The Philadelphia Inquirer

March 23, 2002

By Art Carey

One of the few sure things about tomorrow night’s Academy Awards ceremony is that an honorary Oscar will go to Robert Redford.

This is amazing twice:

Redford, fiercely independent, has made it clear over the years that he despises the moviemaking establishment and prefers the mountains of Utah to the hills of Hollywood.

Redford, along with actor Sidney Poitier, is being honored for lifetime achievement, which means the Sundance Kid is no longer a kid. In August, he’ll be 65, able to collect Social Security.

Like many men of my generation, I adopted Redford as a hero after I saw Butch Cassidy and the Sundance Kid, in which he accomplished the seemingly impossible feat of eclipsing Paul Newman, then the reigning icon of cool.

His sun-kissed looks, of course, were part of it, but Redford in reel life and real life, came across as more than just a pretty face. Beneath that charming all-American smile was something edgy and subversive, a hint of outlaw rage. He was a rebel with a cause, a Woodstock-era Gary Cooper, noble and idealistic, silhouetted against the frontier horizon in Jeremiah Johnson long hair and beard.

To me, someone who grew up on the Main Line, where phoniness is elevated to an art, and who, perhaps naively, took the motto of his prep school seriously – esse quam videri (to be rather than to seem) -- what was most engaging about Redford’s movies was the recurring theme of the discrepancy between image and reality, illusion and truth, how things appear to be and what they really are.

In Downhill Racer, Little Fauss and Big Halsy, The Way We Were, and The Candidate, Redford played men who were gold on the outside, tin on the inside.
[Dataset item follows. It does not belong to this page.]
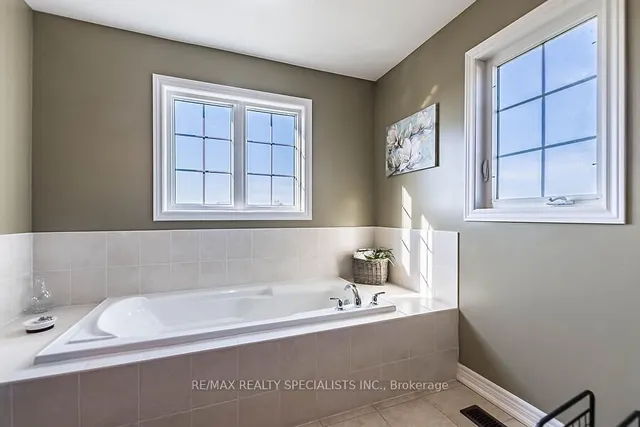 Additional image 25 of 26 CLEARFIELD Dr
Perhaps because of his overwhelming handsomeness, he has always seemed acutely aware of the treachery of beauty, the cosmetic dazzle and false promise of the shallow faceman. He knows that an appealing shell often masks an empty core.

“Are you still a nice gentile boy?” Katie Morosky (Barbra Streisand) asks her gorgeous goy-toy husband after discovering he’s been unfaithful in The Way We Were.
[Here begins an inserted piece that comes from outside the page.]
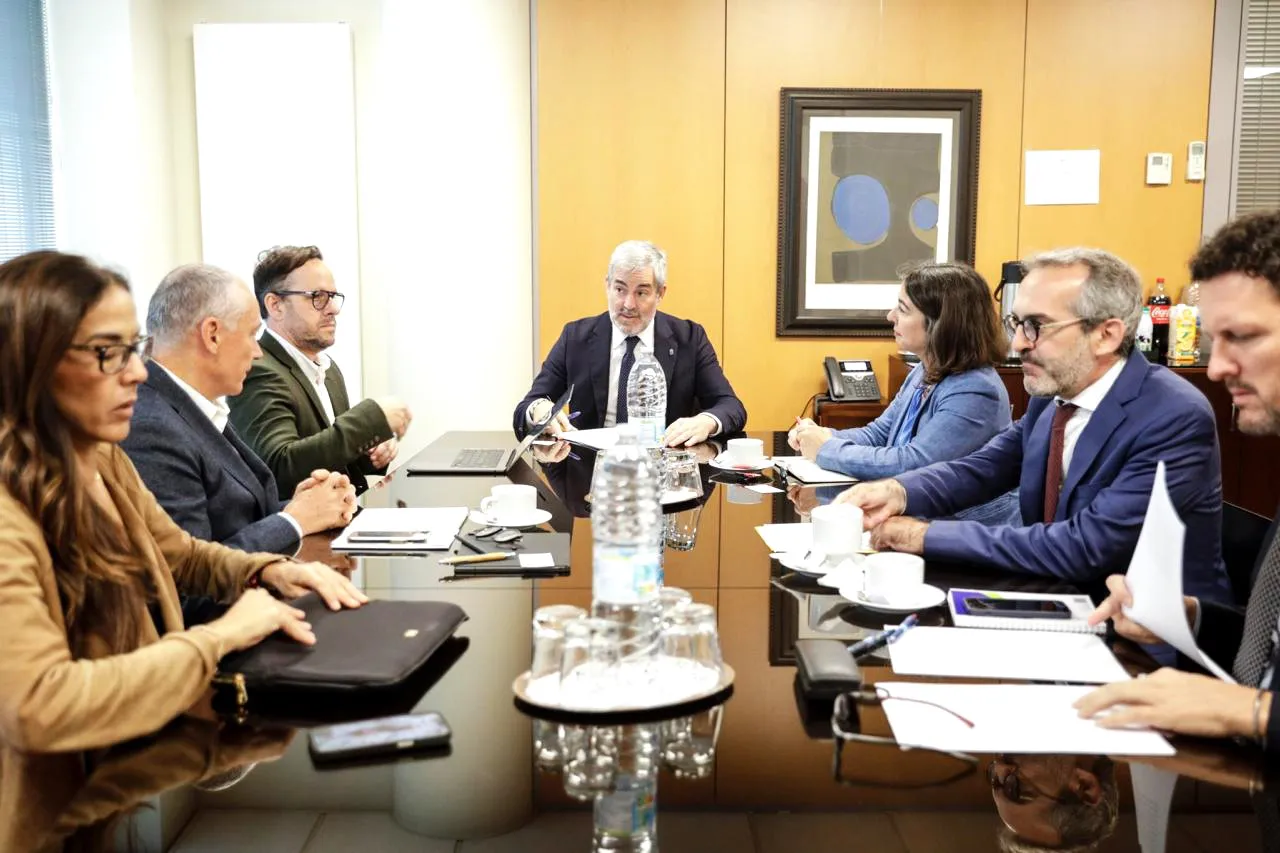 clavijo-constata-en-bruselas-que-la-ruta-atlantica-tendra-un-crecimiento-sin-precedentes-en-los-proximos-meses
“I never was,” Redford’s Hubbell Gardiner replies. “I only looked it to you.”

Off-screen, Redford has managed to keep his private life just that. His three children have grown to adulthood without making police-blotter cameos. He and his wife parted company without scandalous headlines in the tabs. His romantic liaisons since have been quiet and discreet. Mercifully, we’ve been spared the sight of an aging Sundance Kid trying to recapture his youth by squiring around busty bimbos du jour.

By any measure, his life has been a success. He has honor, power, riches, fame and the love (most assuredly) of women. But he has been successful in more important ways: He is doing work he loves. He has held to his principles. And he is giving back, through his passion for the environment, Native American culture, and the West, and his Sundance Institute, a launch pad for many independent filmmakers.

Yes, he’s an old man. Compared with most grandfathers, he looks marvelous, but time has taken its toll: His face is as craggy as a weathered mesa. In The Horse Whisperer, the girl who loses her leg in a horse accident asks Tom Booker (Redford): “What are you afraid of?” He replies: “Growing old. Not being much use.”

The line may have been autobiographical. It also is inconceivable. Redford’s lifetime achievement, in my book, is this: On screen and off, he has been uniquely useful. He has lived the life he imagined, and lived it on his own terms -- with conscience, style and class.